| Caption-style text data |

⟨

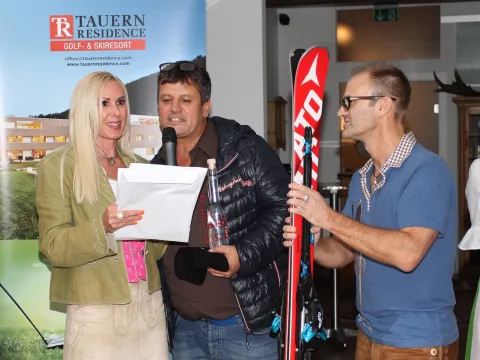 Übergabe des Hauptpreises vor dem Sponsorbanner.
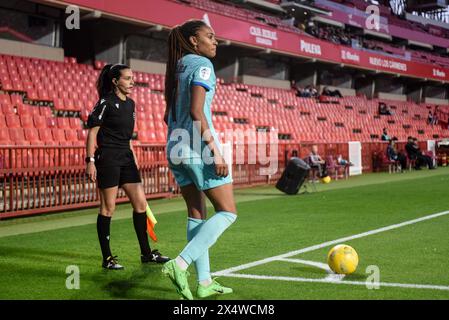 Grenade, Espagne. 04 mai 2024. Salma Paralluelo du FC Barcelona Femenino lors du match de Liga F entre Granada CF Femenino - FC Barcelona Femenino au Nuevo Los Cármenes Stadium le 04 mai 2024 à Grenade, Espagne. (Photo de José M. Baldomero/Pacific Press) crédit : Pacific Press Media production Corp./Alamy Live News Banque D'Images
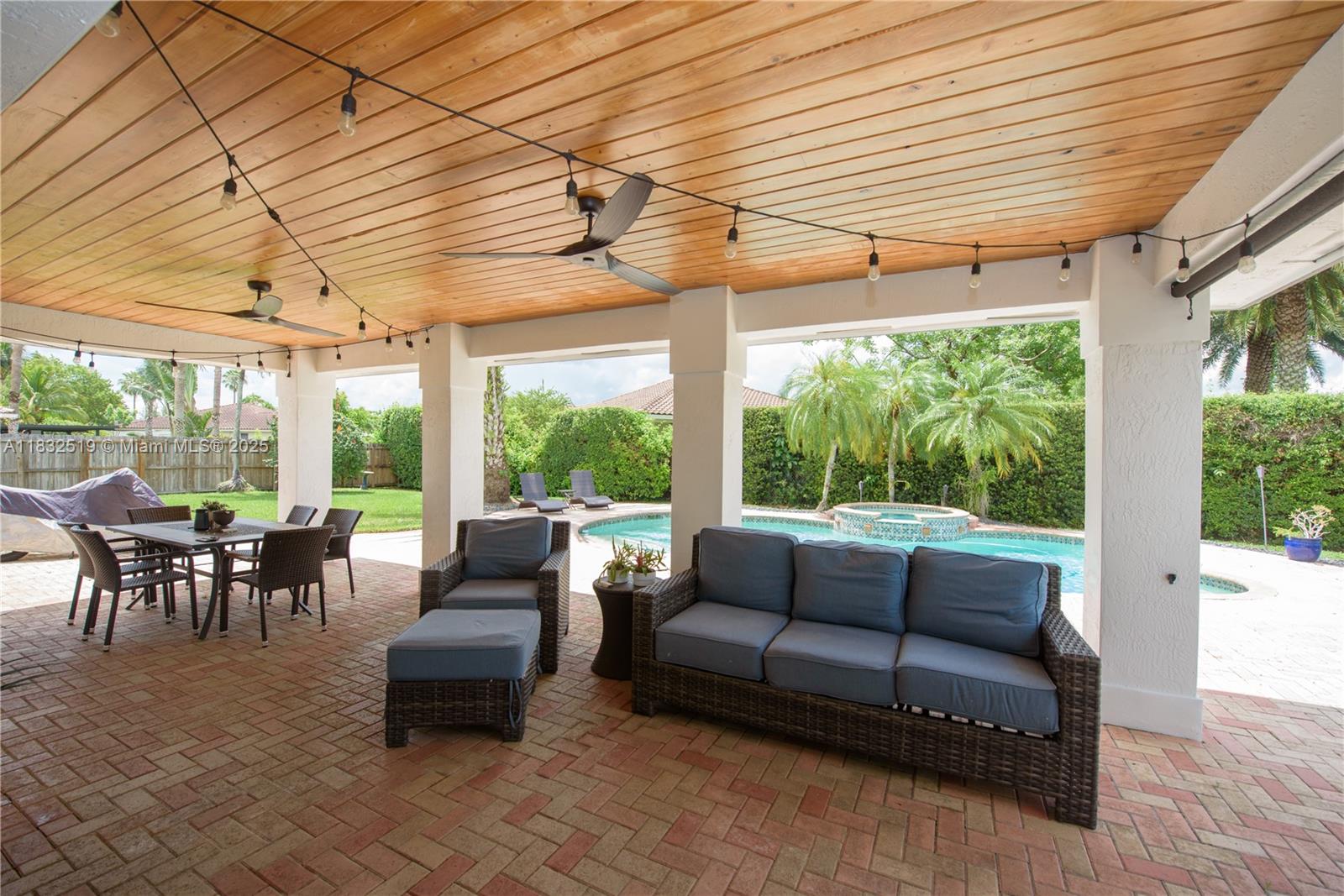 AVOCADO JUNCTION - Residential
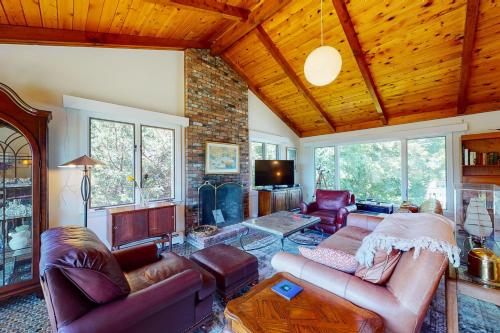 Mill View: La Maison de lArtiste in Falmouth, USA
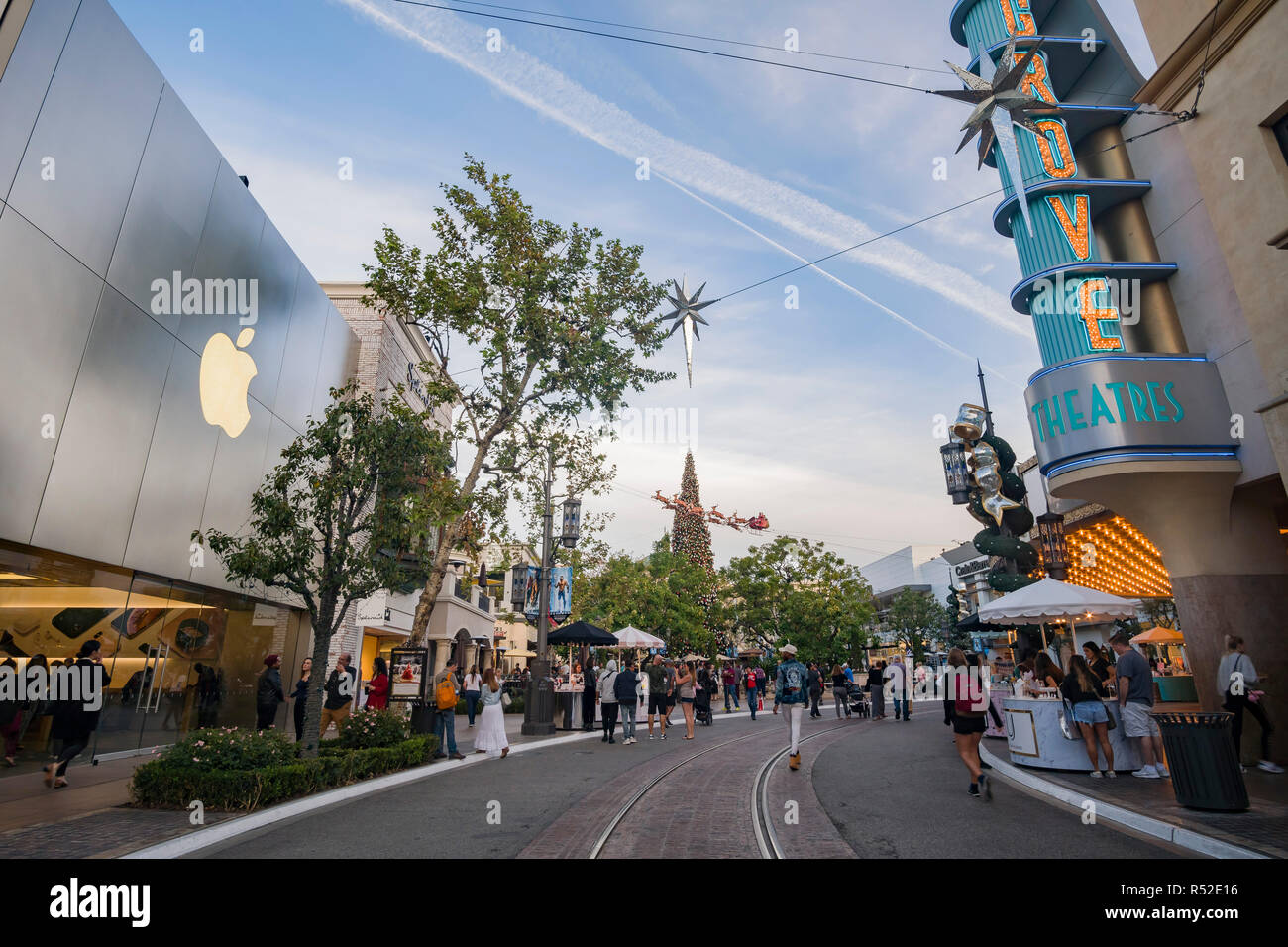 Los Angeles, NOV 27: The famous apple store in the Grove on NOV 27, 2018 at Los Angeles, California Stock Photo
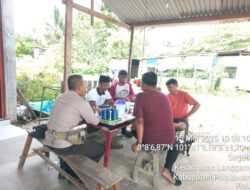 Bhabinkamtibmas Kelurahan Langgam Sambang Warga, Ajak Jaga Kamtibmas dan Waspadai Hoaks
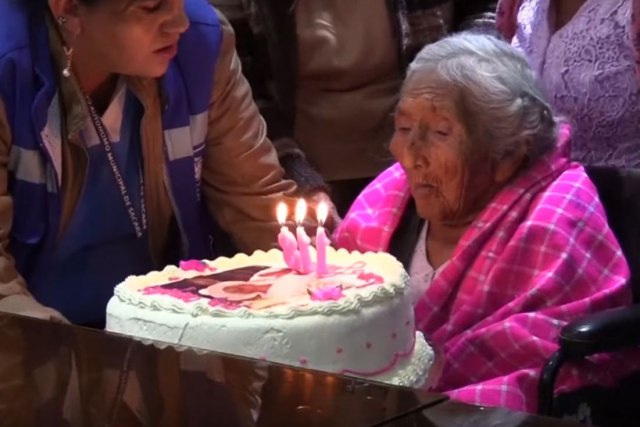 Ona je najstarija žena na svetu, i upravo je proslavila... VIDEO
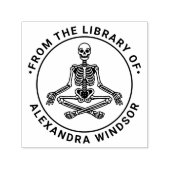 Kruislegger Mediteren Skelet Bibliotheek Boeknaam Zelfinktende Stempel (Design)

⟩

| Task goal |
Lines from the one containing "Los Angeles, NOV" through the end of the entries above, both included, are to be written out exactly; no pictures and no other lines.

| Task response |
 Los Angeles, NOV 27: The famous apple store in the Grove on NOV 27, 2018 at Los Angeles, California Stock Photo
 Bhabinkamtibmas Kelurahan Langgam Sambang Warga, Ajak Jaga Kamtibmas dan Waspadai Hoaks
 Ona je najstarija žena na svetu, i upravo je proslavila... VIDEO
 Kruislegger Mediteren Skelet Bibliotheek Boeknaam Zelfinktende Stempel (Design)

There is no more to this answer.